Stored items

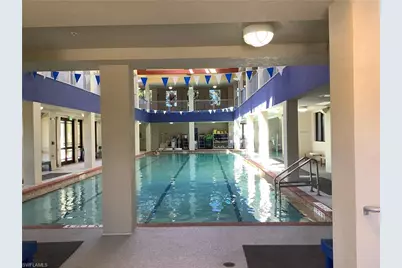 [Address not provided], Fort Myers, FL 33913 - Photo 37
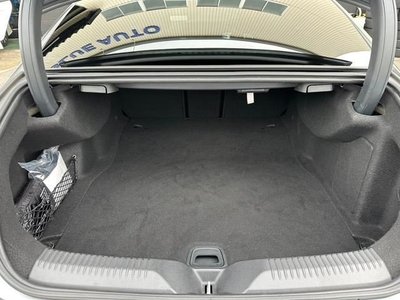 2018 Mercedes-BENZ CLS — миниатюра 49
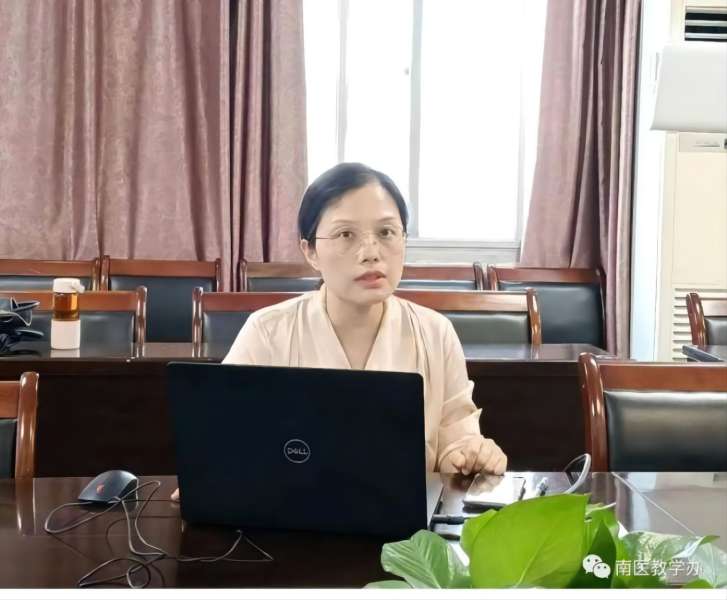 微信图片_20220927174046(1).jpg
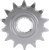 Front Sprocket 12122247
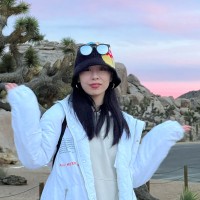 Tina Yuan-Ting Chao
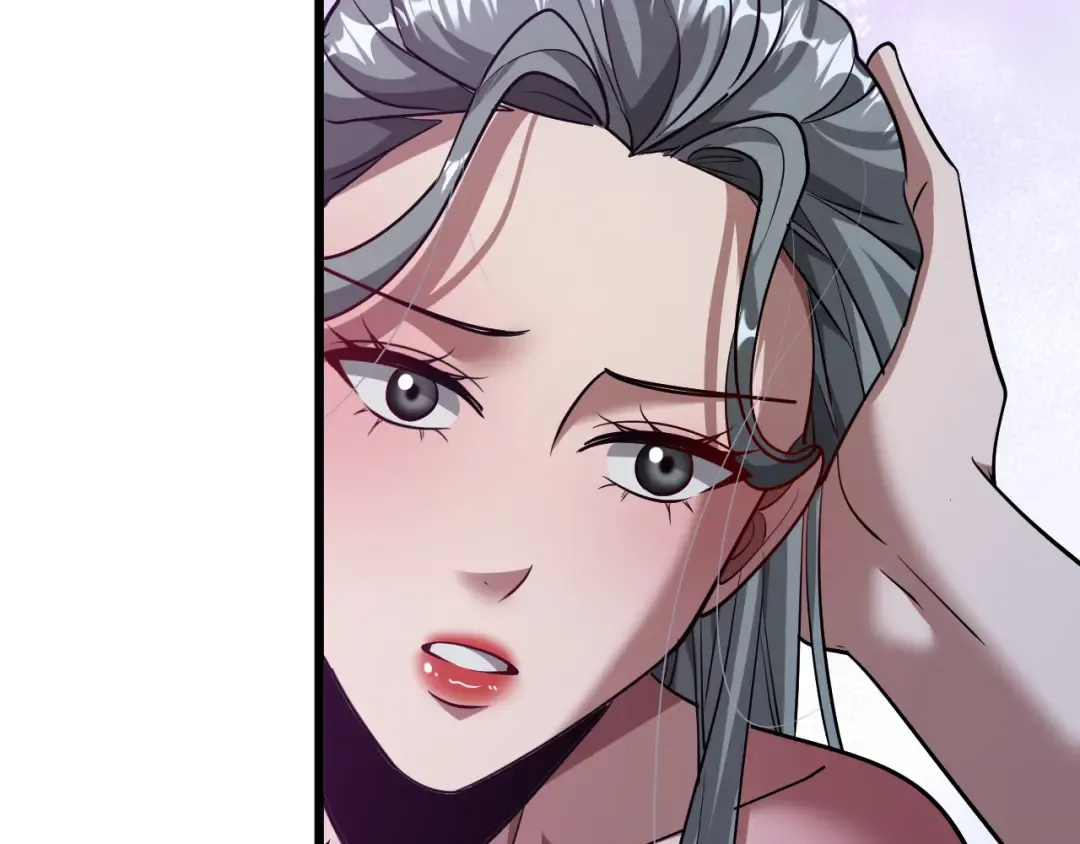 第192话 深入合作 第101页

## Task brief
Output each record above word for word, leaving out images.

## Response below
 [Address not provided], Fort Myers, FL 33913 - Photo 37
 2018 Mercedes-BENZ CLS — миниатюра 49
 微信图片_20220927174046(1).jpg
 Front Sprocket 12122247
 Tina Yuan-Ting Chao
 第192话 深入合作 第101页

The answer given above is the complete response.